Hi Steve
I think you cut right to the heart of the “problem” posed by the so-called genocide texts. I’m no Bible scholar - I have gaps in my Bible reading and knowledge big enough to drive a convoy of trucks through - but I certainly do not know of any direct, cast iron scriptural evidence for actual genocide, carried out as the will of God. (Although one might argue that final clause is redundant, under the circumstances.)
Neither do I have the knowledge or the scholarship to give an opinion on whether archaeological or extra-Biblical evidence indicates this to be the case or not. (Although Dick, for example, who has read widely on these subjects, has argued that it does not.)
I agree that reading the genocide texts as hyperbole of the “I’ll kill you for that!” variety is legitimate. I also agree that, as you say, “Many of the poems in the Psalms are lost to us (I think) because we just don’t speak that way today.”

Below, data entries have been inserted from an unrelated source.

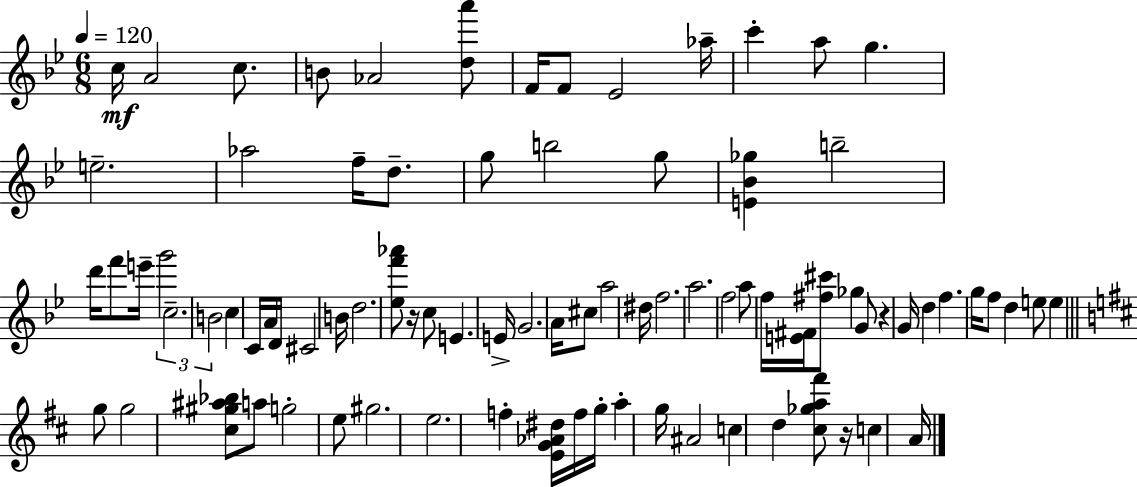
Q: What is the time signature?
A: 6/8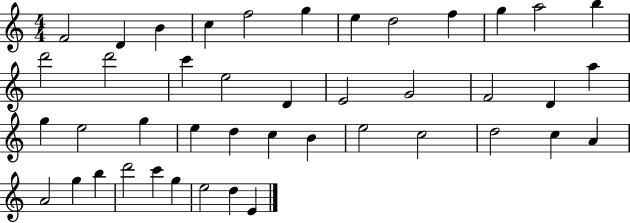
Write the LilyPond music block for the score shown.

{
  \clef treble
  \numericTimeSignature
  \time 4/4
  \key c \major
  f'2 d'4 b'4 | c''4 f''2 g''4 | e''4 d''2 f''4 | g''4 a''2 b''4 | \break d'''2 d'''2 | c'''4 e''2 d'4 | e'2 g'2 | f'2 d'4 a''4 | \break g''4 e''2 g''4 | e''4 d''4 c''4 b'4 | e''2 c''2 | d''2 c''4 a'4 | \break a'2 g''4 b''4 | d'''2 c'''4 g''4 | e''2 d''4 e'4 | \bar "|."
}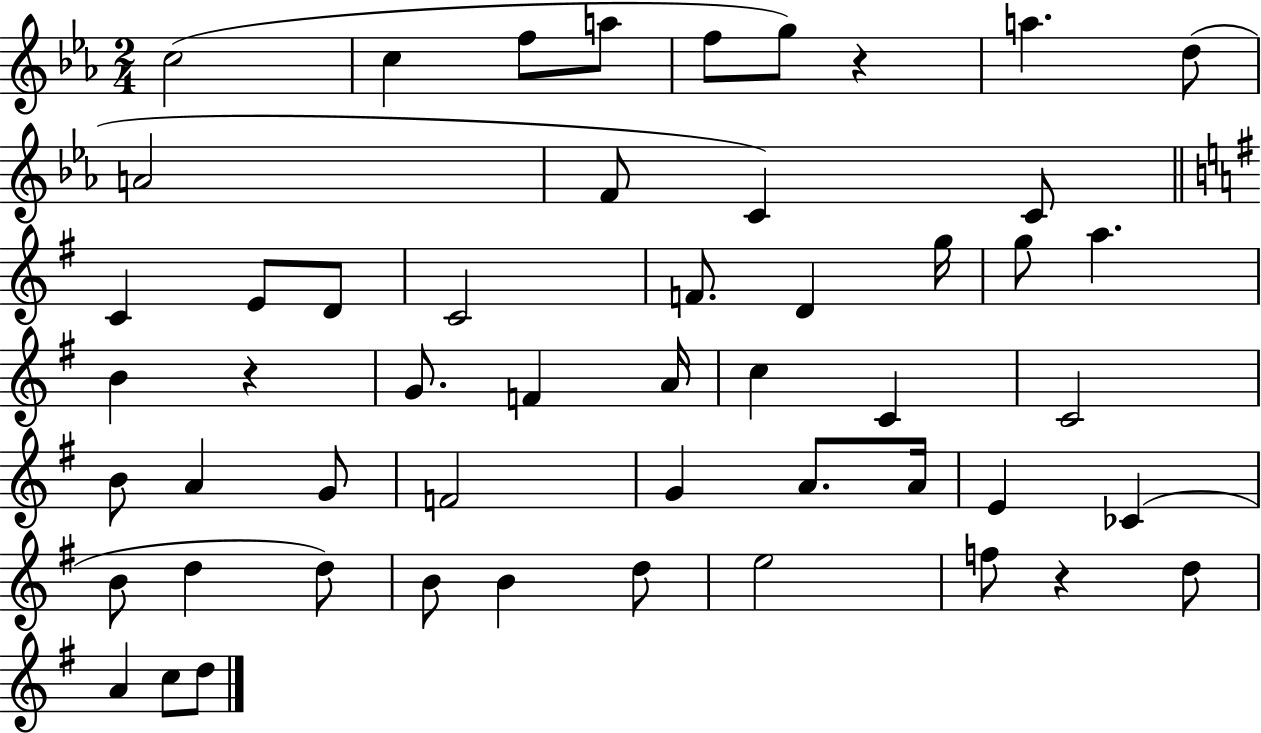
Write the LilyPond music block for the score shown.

{
  \clef treble
  \numericTimeSignature
  \time 2/4
  \key ees \major
  c''2( | c''4 f''8 a''8 | f''8 g''8) r4 | a''4. d''8( | \break a'2 | f'8 c'4) c'8 | \bar "||" \break \key e \minor c'4 e'8 d'8 | c'2 | f'8. d'4 g''16 | g''8 a''4. | \break b'4 r4 | g'8. f'4 a'16 | c''4 c'4 | c'2 | \break b'8 a'4 g'8 | f'2 | g'4 a'8. a'16 | e'4 ces'4( | \break b'8 d''4 d''8) | b'8 b'4 d''8 | e''2 | f''8 r4 d''8 | \break a'4 c''8 d''8 | \bar "|."
}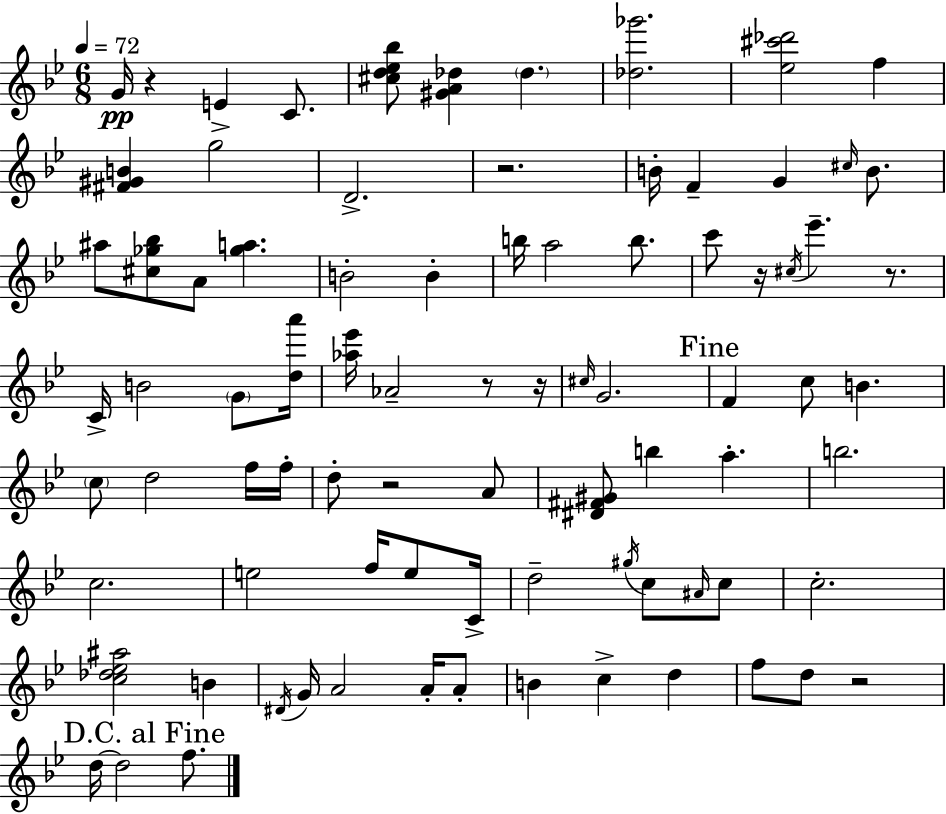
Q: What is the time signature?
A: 6/8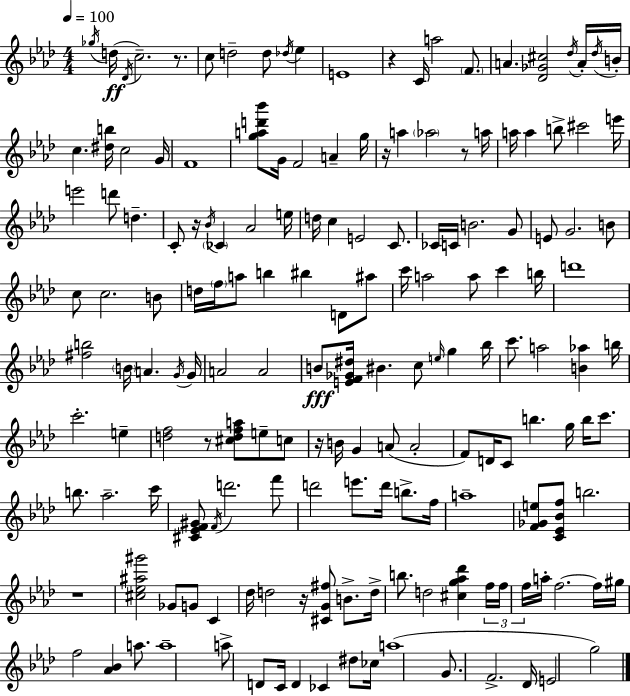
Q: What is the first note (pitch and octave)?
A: Gb5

As you know, I have a strong commitment to the - for me - defining concept that God never commands genocide, and indeed is incapable of doing so, because it would be a contradiction of his essence as love. I would just add the thought that, for me, this is not us ‘judging God’; rather it is us using the moral sense he has instilled in us, to ‘judge’ certain things in the Bible.
I know my beliefs might be seen as either naive or arrogant (among other things ). But this is something I ‘feel’ in my heart as fiercely as I ‘feel’ that Universalism is true.